» **What to work on**
Please reproduce the lines from the one containing "ENCLAVES AT EAGLE" through the end of the data below exactly as they stand, and omit all pictures.

• • •

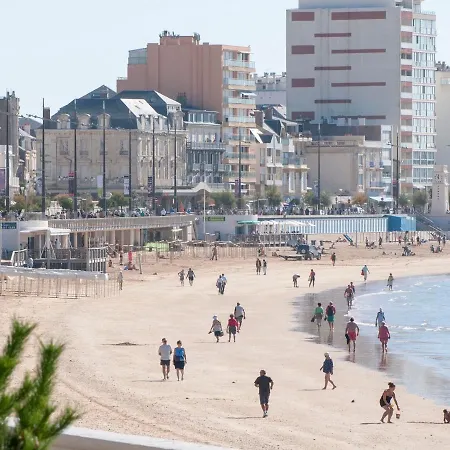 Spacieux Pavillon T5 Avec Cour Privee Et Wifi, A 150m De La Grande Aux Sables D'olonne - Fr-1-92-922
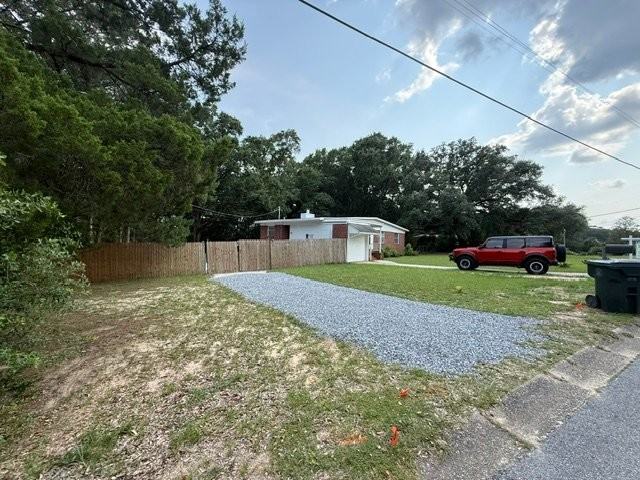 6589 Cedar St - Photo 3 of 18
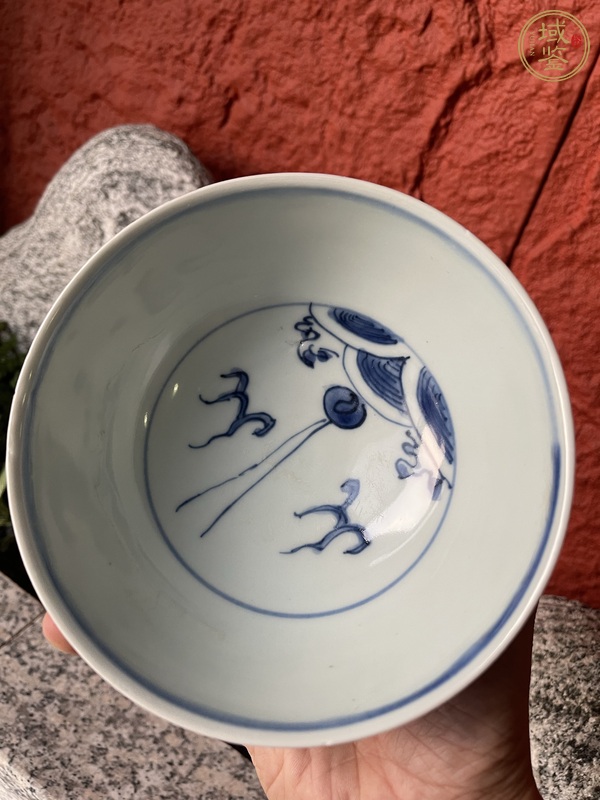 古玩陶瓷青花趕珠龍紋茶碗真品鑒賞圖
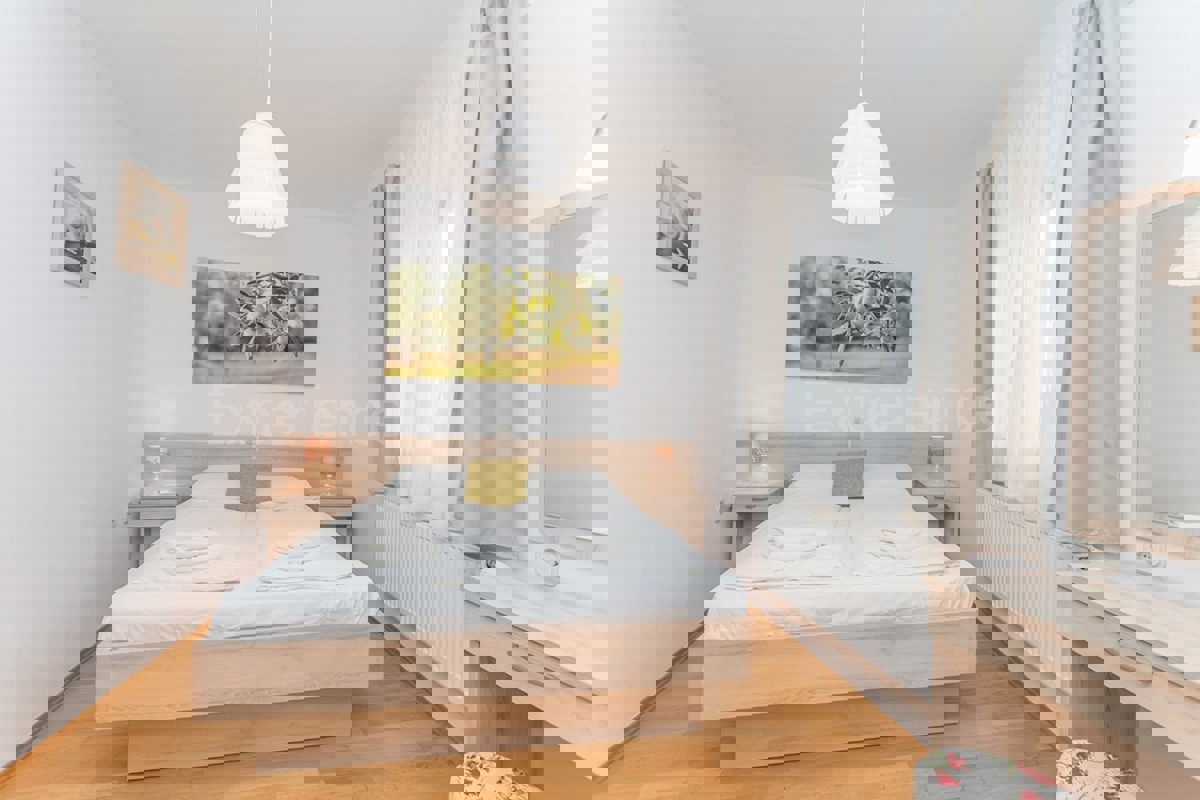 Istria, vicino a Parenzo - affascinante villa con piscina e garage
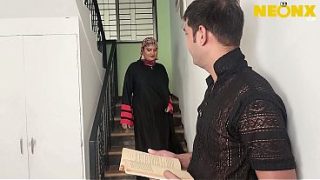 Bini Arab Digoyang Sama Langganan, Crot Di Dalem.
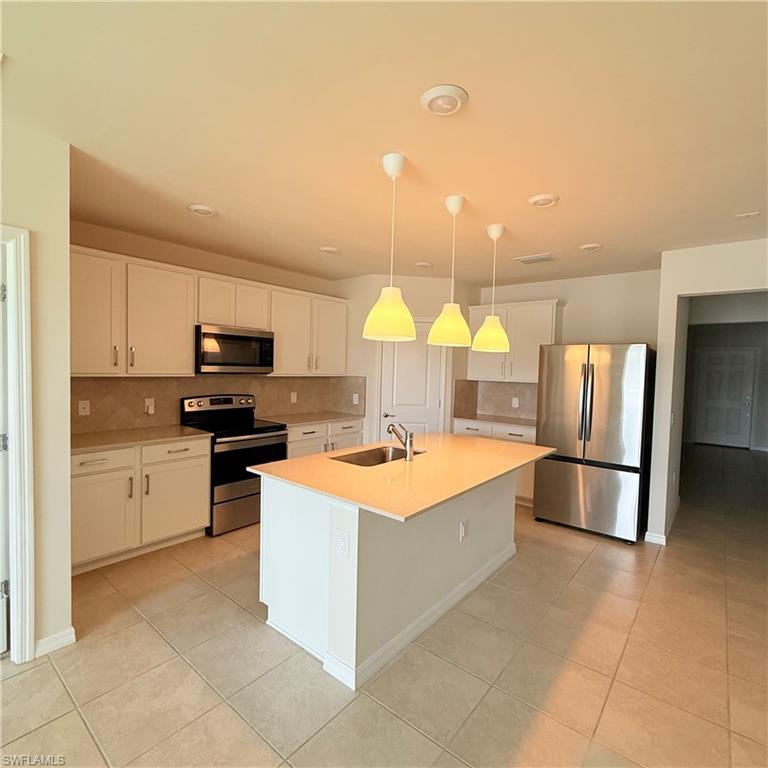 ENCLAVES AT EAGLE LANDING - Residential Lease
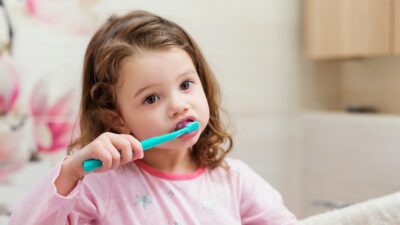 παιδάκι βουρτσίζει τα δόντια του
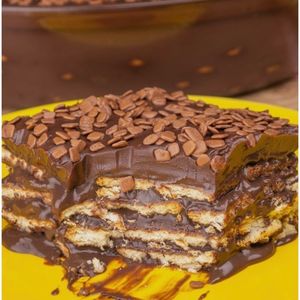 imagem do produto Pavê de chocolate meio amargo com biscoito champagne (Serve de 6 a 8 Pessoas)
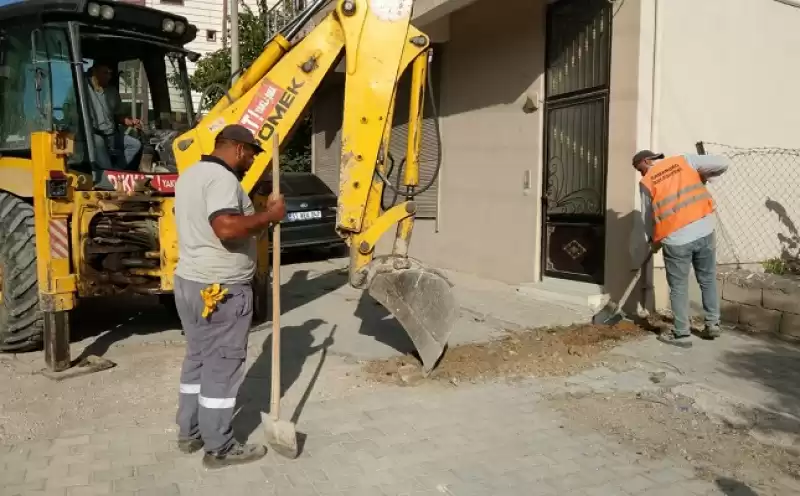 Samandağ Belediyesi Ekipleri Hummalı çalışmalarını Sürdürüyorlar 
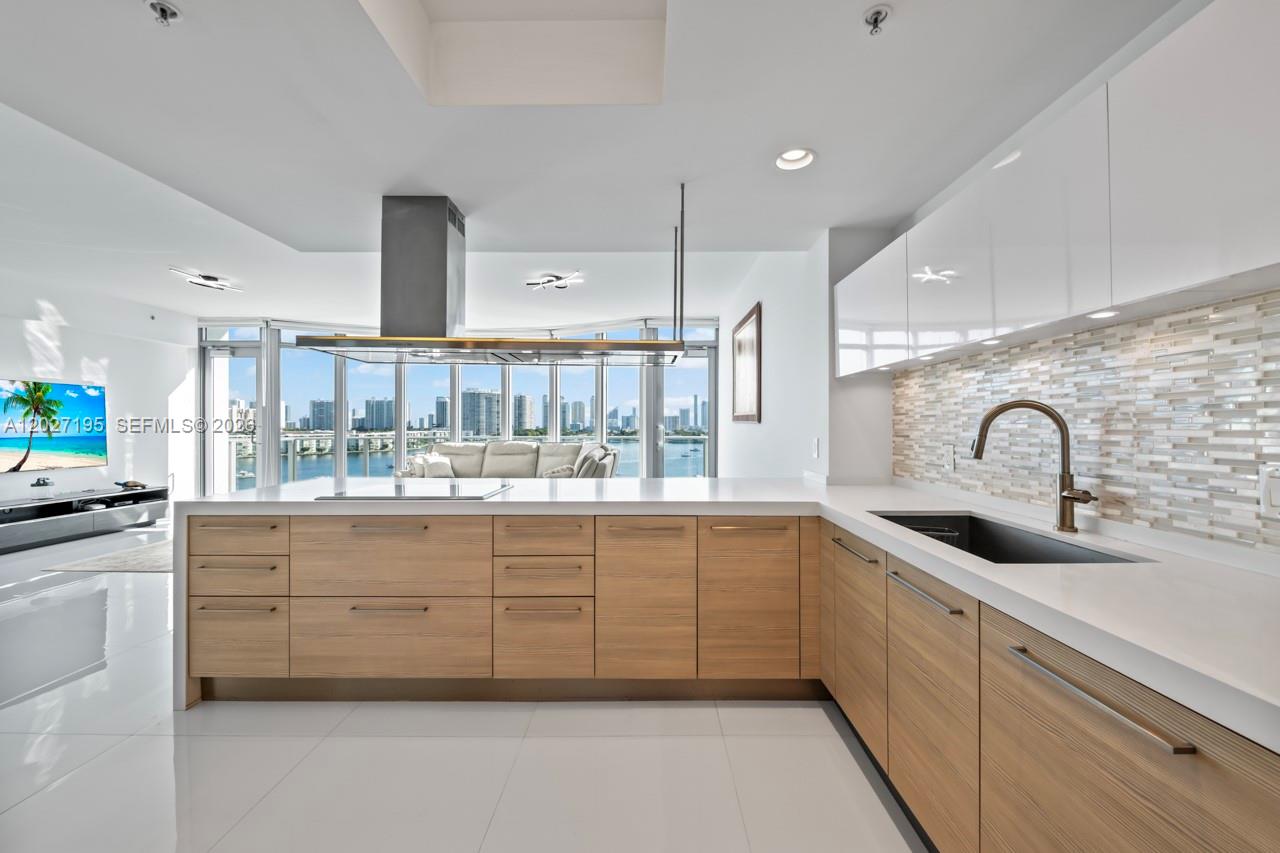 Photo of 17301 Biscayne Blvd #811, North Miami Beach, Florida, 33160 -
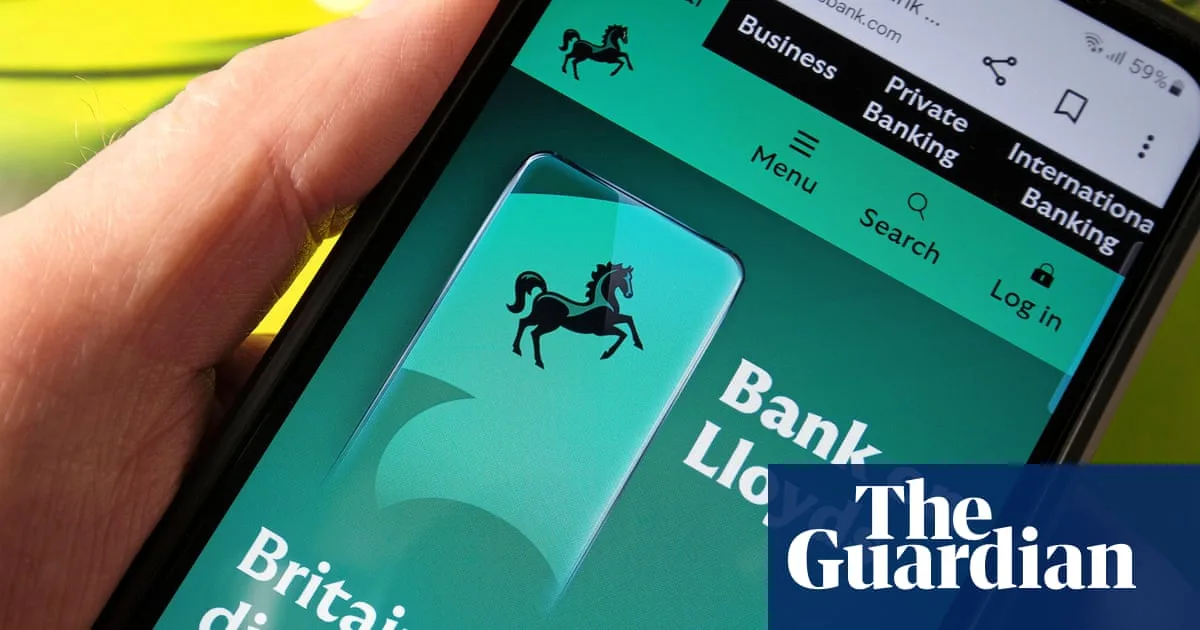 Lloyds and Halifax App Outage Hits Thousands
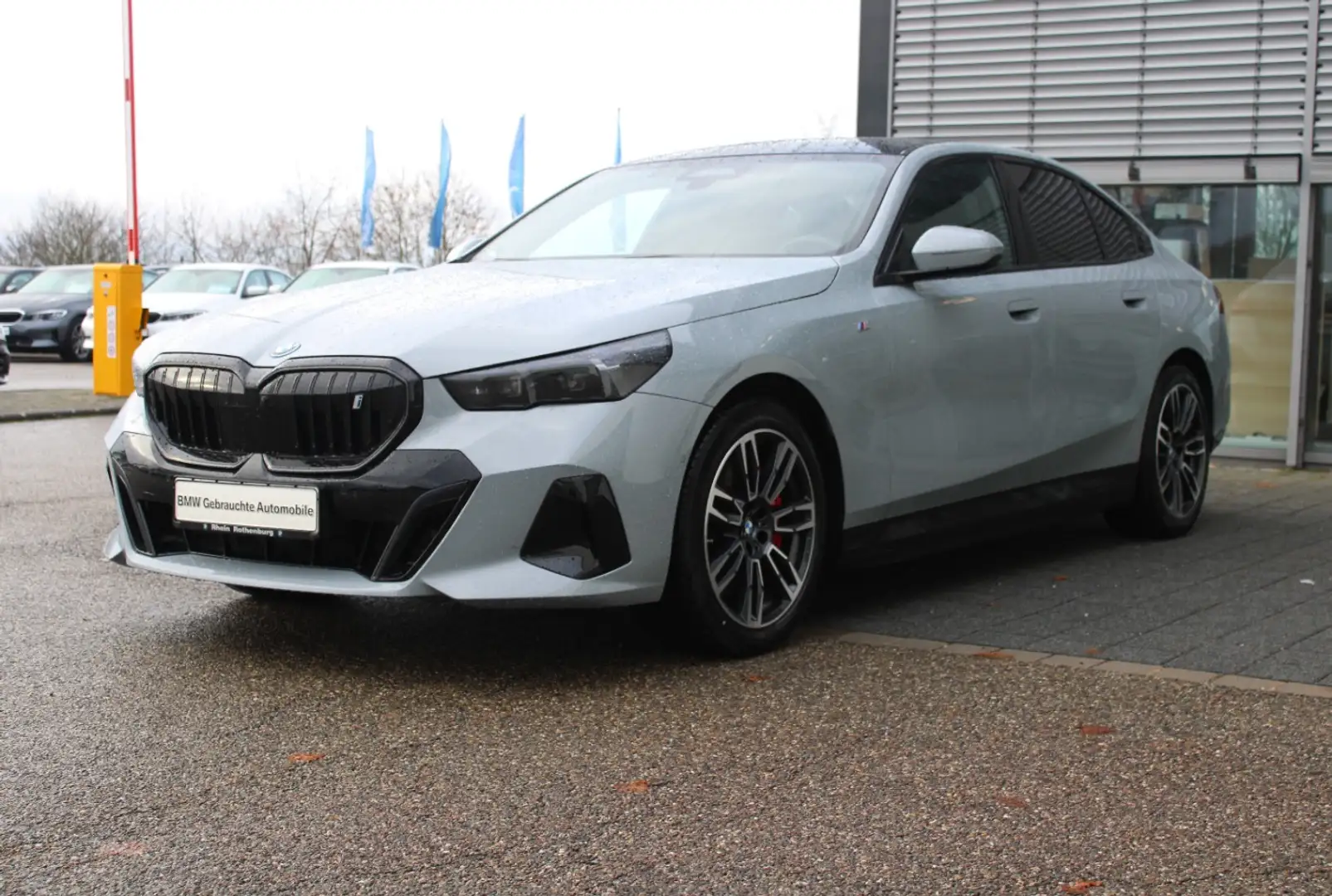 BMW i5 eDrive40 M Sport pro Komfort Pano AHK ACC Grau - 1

• • •

» **Solution below**
 ENCLAVES AT EAGLE LANDING - Residential Lease
 παιδάκι βουρτσίζει τα δόντια του
 imagem do produto Pavê de chocolate meio amargo com biscoito champagne (Serve de 6 a 8 Pessoas)
 Samandağ Belediyesi Ekipleri Hummalı çalışmalarını Sürdürüyorlar 
 Photo of 17301 Biscayne Blvd #811, North Miami Beach, Florida, 33160 -
 Lloyds and Halifax App Outage Hits Thousands
 BMW i5 eDrive40 M Sport pro Komfort Pano AHK ACC Grau - 1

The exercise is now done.